Show HN: Kùzu: An Embeddable GDBMS like DuckDB/SQLite from UWaterloo

omatkafa · on Nov 15, 2022

This looks cool and thanks for the MIT licence. I like this `pip install ...` type easy installations and will test its performance on very large graphs. will keep an eye on it.

guodong · on Nov 15, 2022

Thanks!

xkcd99 · on Nov 15, 2022

When you say scalability, how much are we talking about here ? Can it handle around 50 gb or 100 gb datasets ?

Also, going through the docs it seems you support only csv data ingestion currently right ? Any plan on supporting json or parquet and other formats ?

Another thing, do you have support for any in built graph algorithms (like path finding, shortest path, centrality) ?

guodong · on Nov 15, 2022

Thanks for your comment.

For scalability, we can scale to several hundred GBs, and we routinely test on LDBC up to 300GBs. Our goal is to support efficiently querying over data at TB scale.

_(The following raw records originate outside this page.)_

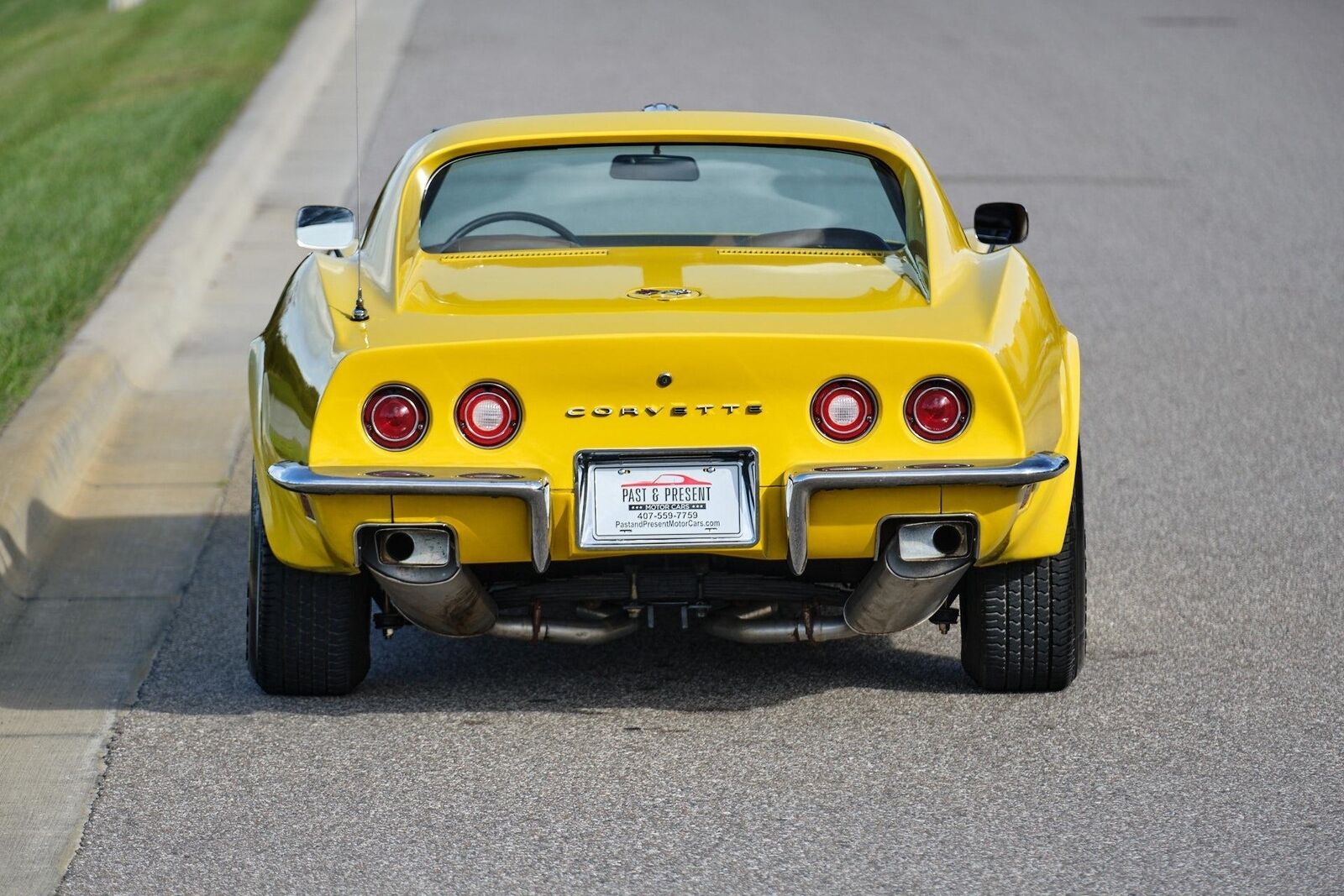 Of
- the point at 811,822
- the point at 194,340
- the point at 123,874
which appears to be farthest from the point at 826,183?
the point at 194,340

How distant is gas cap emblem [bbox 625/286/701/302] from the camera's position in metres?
4.79

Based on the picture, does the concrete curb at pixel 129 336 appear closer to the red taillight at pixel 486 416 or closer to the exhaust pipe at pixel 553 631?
the exhaust pipe at pixel 553 631

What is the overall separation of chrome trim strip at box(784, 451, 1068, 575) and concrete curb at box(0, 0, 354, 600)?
2.73m

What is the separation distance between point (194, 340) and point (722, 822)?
5.79 metres

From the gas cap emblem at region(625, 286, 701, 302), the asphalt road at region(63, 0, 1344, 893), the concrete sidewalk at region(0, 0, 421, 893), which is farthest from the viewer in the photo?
the concrete sidewalk at region(0, 0, 421, 893)

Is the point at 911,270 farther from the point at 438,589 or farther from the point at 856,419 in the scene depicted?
the point at 438,589

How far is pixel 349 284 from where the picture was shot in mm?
5098

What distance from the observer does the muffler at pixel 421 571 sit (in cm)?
462

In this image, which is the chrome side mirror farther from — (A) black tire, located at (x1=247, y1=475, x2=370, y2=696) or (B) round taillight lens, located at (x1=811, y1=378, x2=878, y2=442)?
(B) round taillight lens, located at (x1=811, y1=378, x2=878, y2=442)

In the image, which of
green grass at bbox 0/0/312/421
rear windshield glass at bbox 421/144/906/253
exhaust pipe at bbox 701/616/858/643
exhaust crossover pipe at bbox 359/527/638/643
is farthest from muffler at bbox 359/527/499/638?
green grass at bbox 0/0/312/421

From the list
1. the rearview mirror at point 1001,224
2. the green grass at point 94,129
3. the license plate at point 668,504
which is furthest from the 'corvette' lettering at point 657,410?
the green grass at point 94,129

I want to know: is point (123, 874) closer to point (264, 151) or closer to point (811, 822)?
point (811, 822)

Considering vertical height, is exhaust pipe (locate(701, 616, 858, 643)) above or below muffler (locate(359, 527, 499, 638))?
below

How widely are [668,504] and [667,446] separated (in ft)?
0.42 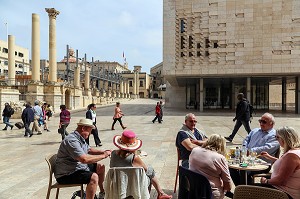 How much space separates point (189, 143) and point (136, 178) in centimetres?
162

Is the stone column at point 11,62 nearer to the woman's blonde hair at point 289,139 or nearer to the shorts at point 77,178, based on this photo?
the shorts at point 77,178

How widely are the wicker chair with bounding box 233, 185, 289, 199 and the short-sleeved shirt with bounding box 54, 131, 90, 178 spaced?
232cm

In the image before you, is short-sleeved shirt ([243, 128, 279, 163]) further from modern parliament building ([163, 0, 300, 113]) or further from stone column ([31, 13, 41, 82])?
stone column ([31, 13, 41, 82])

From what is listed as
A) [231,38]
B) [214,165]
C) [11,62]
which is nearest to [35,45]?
[11,62]

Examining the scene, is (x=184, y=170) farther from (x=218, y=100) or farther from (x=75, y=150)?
(x=218, y=100)

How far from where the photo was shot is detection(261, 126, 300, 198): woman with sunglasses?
3602mm

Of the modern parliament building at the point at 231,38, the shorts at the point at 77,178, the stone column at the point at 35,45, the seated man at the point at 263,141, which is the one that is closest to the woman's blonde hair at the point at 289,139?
the seated man at the point at 263,141

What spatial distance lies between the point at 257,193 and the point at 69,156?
8.96ft

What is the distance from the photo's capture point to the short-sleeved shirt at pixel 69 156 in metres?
4.26

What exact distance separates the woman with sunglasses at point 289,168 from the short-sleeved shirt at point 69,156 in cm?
276

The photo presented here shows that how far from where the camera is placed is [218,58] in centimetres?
3023

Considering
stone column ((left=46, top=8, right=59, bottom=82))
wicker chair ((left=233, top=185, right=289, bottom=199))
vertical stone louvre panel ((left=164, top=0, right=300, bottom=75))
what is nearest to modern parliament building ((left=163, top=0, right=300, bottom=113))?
vertical stone louvre panel ((left=164, top=0, right=300, bottom=75))

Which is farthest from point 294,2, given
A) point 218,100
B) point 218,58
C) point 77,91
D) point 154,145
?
point 77,91

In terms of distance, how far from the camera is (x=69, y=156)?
437 centimetres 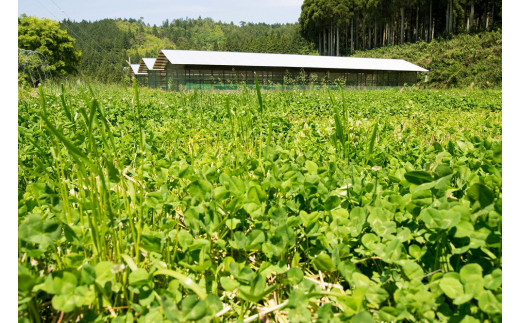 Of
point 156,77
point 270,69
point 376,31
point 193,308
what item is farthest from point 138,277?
point 376,31

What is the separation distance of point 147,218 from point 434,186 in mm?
939

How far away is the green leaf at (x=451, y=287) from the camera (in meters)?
0.83

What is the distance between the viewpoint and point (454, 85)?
3347 centimetres

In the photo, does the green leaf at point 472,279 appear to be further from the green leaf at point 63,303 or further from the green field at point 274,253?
the green leaf at point 63,303

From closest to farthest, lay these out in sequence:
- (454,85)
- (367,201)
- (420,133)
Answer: (367,201) < (420,133) < (454,85)

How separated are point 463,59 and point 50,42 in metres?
47.2

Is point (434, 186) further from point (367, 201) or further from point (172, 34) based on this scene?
point (172, 34)

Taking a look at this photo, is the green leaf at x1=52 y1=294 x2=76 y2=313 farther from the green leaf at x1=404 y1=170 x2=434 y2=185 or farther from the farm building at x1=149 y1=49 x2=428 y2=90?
the farm building at x1=149 y1=49 x2=428 y2=90

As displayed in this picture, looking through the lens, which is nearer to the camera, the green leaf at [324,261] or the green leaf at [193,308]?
the green leaf at [193,308]

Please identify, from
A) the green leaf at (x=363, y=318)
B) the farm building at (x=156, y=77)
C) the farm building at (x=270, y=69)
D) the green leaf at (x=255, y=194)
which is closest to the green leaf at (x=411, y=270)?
the green leaf at (x=363, y=318)

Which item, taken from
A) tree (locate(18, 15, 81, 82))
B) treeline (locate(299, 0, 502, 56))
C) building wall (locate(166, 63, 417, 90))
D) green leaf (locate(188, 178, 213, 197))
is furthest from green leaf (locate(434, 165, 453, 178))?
tree (locate(18, 15, 81, 82))

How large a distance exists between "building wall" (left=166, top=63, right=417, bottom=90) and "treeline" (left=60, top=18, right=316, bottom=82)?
112ft

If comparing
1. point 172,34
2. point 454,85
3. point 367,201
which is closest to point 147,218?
point 367,201

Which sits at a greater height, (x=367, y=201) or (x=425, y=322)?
(x=367, y=201) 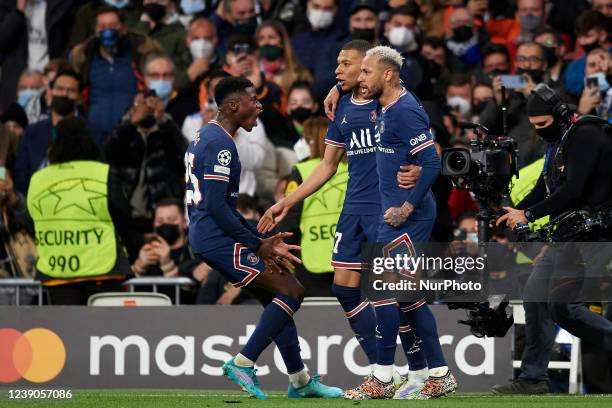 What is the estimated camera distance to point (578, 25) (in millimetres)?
15383

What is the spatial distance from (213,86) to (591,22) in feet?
12.8

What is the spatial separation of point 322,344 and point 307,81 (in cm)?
350

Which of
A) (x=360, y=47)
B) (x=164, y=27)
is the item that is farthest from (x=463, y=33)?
(x=360, y=47)

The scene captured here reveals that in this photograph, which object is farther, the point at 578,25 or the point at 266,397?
the point at 578,25

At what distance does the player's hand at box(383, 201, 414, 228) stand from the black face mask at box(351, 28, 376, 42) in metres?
5.78

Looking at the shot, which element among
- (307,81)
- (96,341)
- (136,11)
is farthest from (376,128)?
(136,11)

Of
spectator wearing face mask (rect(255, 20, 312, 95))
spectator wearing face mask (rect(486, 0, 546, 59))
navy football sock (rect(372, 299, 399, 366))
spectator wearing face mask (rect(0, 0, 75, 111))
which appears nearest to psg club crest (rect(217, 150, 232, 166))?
navy football sock (rect(372, 299, 399, 366))

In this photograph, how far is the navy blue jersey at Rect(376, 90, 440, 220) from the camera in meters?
10.1

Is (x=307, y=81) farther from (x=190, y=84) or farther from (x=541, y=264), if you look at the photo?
(x=541, y=264)

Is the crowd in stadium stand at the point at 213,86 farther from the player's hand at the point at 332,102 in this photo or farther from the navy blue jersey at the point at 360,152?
the navy blue jersey at the point at 360,152

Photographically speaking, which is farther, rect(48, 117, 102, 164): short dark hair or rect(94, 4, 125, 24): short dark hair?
rect(94, 4, 125, 24): short dark hair

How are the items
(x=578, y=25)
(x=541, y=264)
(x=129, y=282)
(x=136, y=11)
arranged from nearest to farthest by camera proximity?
(x=541, y=264) → (x=129, y=282) → (x=578, y=25) → (x=136, y=11)

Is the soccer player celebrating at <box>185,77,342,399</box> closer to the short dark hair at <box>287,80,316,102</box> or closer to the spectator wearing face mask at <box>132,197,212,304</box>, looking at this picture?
the spectator wearing face mask at <box>132,197,212,304</box>

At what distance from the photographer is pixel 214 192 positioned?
10227mm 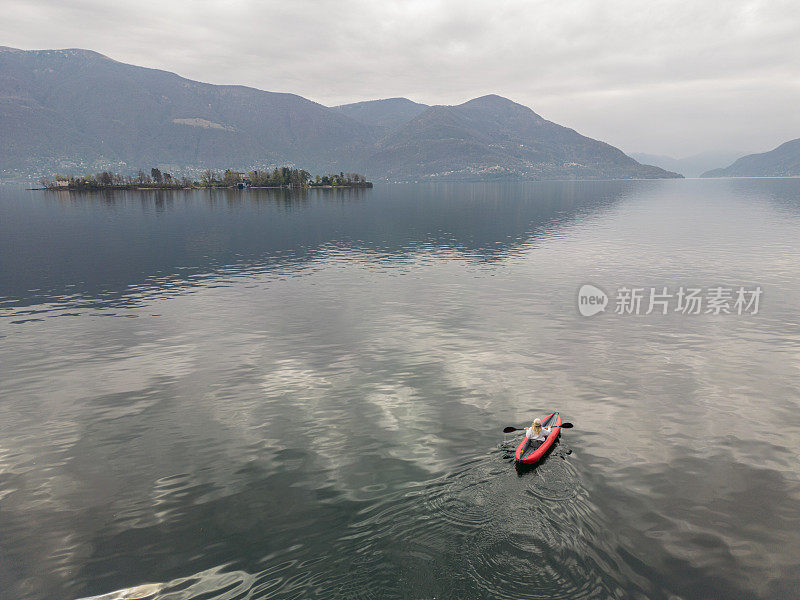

Right now, we only support CSV import. We are currently working on the integration of arrow, and aim to support more data formats through arrow. Hopefully that will bring us to support parquet, json, etc.

Built-in graph algorithms are coming along, but step by step. We are focusing on shortest path quries for now.

As always, any suggestions and discussions on these are welcome.

smartyboi · on Nov 15, 2022

Different wrapper for the same underlying techniques. Might be good to write some papers, but in my opinion, very unlikely to have any impact in practice.

guodong · on Nov 15, 2022

Thanks for your comment. We don't want to only base our research on Kùzu but instead are focused on implementing Kùzu seriously and support actual users. so expect a few but not many papers these upcoming years.

Also not sure what techniques you had in mind, but our position is that graph dbms's should be built on relational principles and state-of-the-art analytics data management techniques (e.g., that's why Kùzu is a columnar system). but we have many new techniques (e.g., factorization, new join algorithms, new storage designs) that are all optimized for graph data with a lot of many-to-many connections between nodes/entitites. these techniques are optimized for finding patterns over such data. we wrote about prototype implementations of these techniques over many previous research papers and now we are focusing on implementing them very seriously in Kùzu.

Hope this clarifies a bit. Welcome to share more of your opinions in more details.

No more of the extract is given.